◆ TASK DETAILS: Could you set down the lines from the first line of the entries below through the line with "dress Photo 14", exactly and with no pictures?

Start of EXCERPTED RECORDS

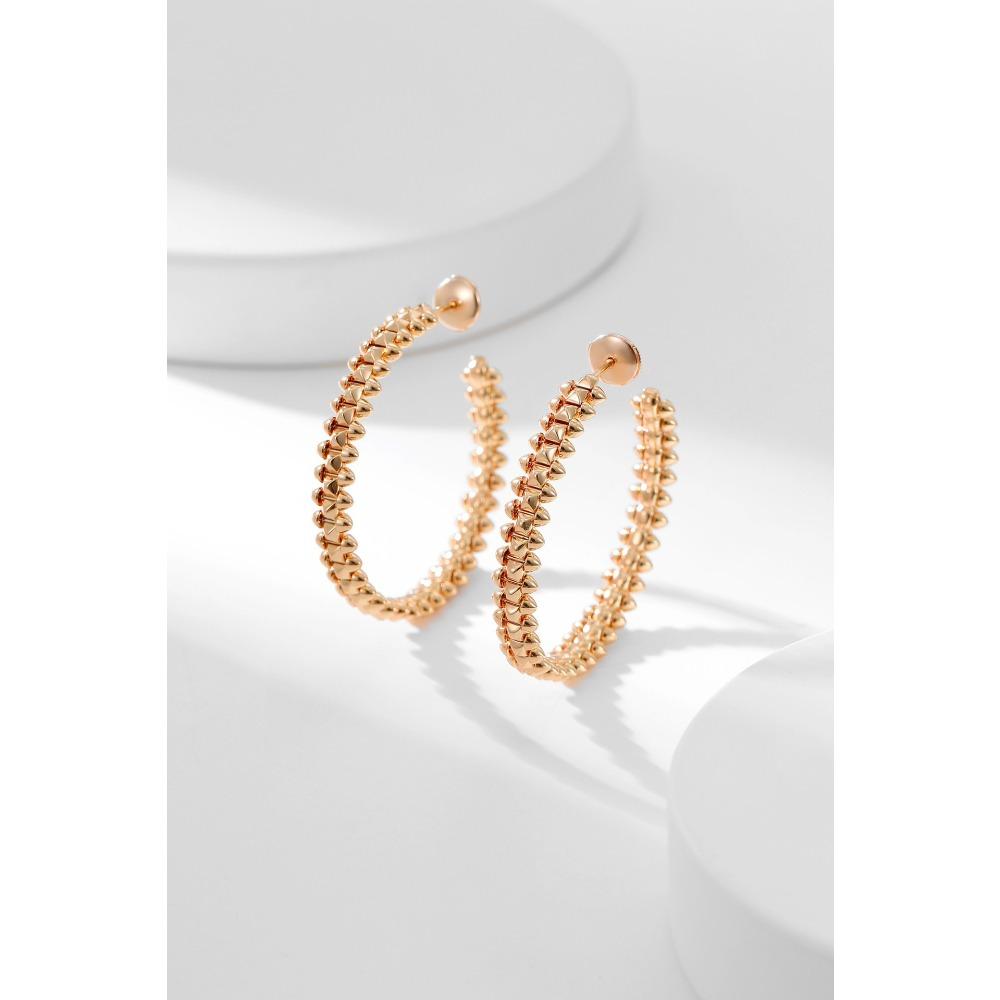 Rivet Earrings Thick-plated 18K Rose Gold Women's Light Luxury European and American Versatile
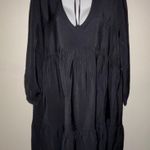 Ellen Tracy  Black split Neck tiered sheer flared ruffled dress Photo 14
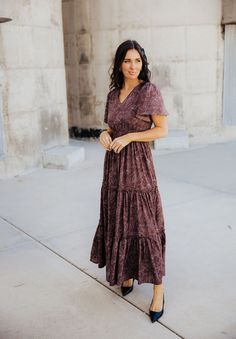 Ok, my friends your new favorite modest maxi is here and it is just stunning. You will love the print and the beautiful flowy silhouette of this fabulous boho style maxi dress. Features fun flowy sleeves, v-neckline, elastic waistband, ruffle detail and is fully lined. Available in multiple colors. 100% Polyester Wash inside out in cold gently cycle. No chlorine. Iron at low heat. Do not dry clean or spin dry. Aprox. measurements in inches: XS:Length-54 |Bust-30 |Waist-24 S:Length-55 |Bust-34 |W Lds Outfits, Cocoa Background, Modest Fall Dresses, Modest Long Skirts, Fall Maxi Dress, Modest Boutique, Nursing Friendly Dress, Modest Maxi Dress, Conservative Fashion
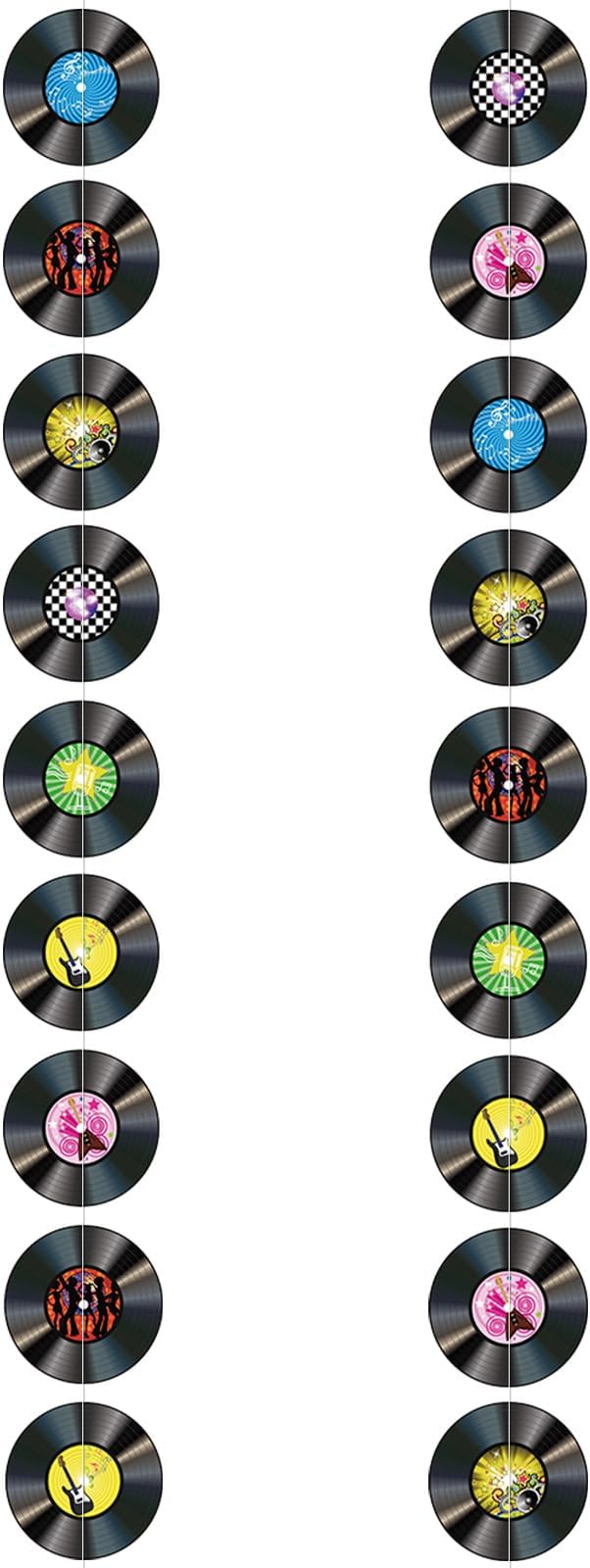 Adecortalk Rock and Roll Party Decorations Vinyl Record Banners 1950's Party Garland Streamer Hanging Decorations for 50s ...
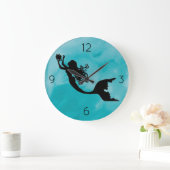 Mermaid Clock - Blue Grote Klok (Huis)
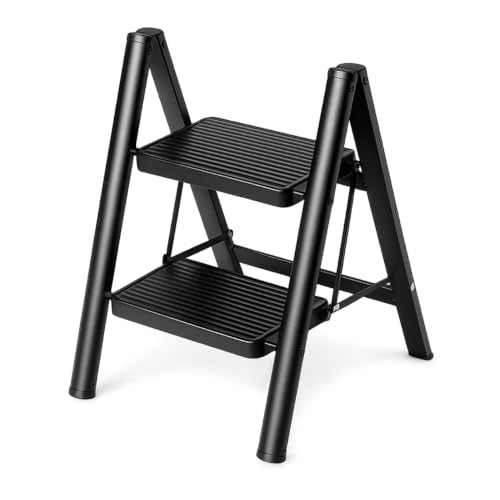 Image of Equal 2 Step Advance Foldable Step Ladder for Home | Carbon Steel | Wide Anti-Slip Steps | 150 Kg Capacity | 3 Year Warranty | Grey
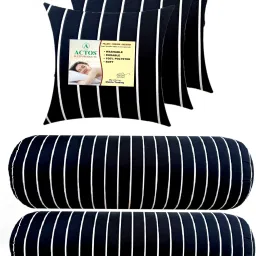 3 Cushion And 2 Microfibre Abstract Bolster Pack of 5-image-61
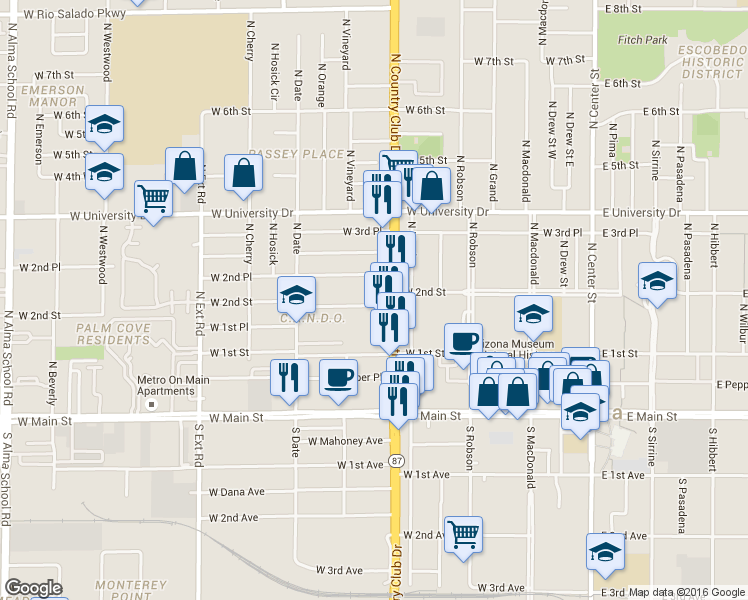 map of restaurants, bars, coffee shops, grocery stores, and more near 437 West Clark Street in Mesa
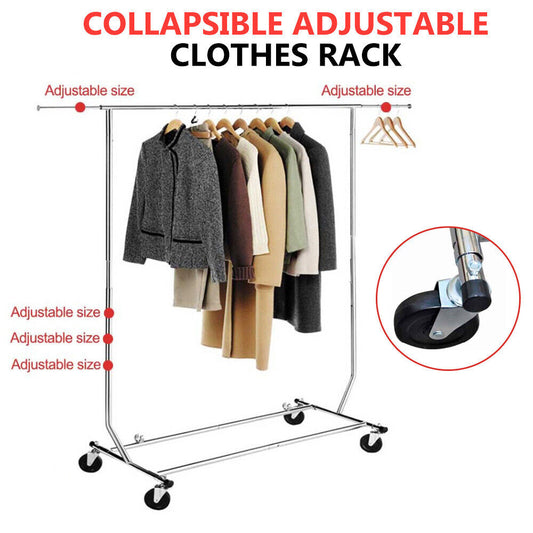 Collapsible Adjustable Single Rail Rolling Garment Cloth Coat Rack Hanger Dryer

End of EXCERPTED RECORDS

◆ ANSWER TO THIS TASK:
 Rivet Earrings Thick-plated 18K Rose Gold Women's Light Luxury European and American Versatile
 Ellen Tracy  Black split Neck tiered sheer flared ruffled dress Photo 14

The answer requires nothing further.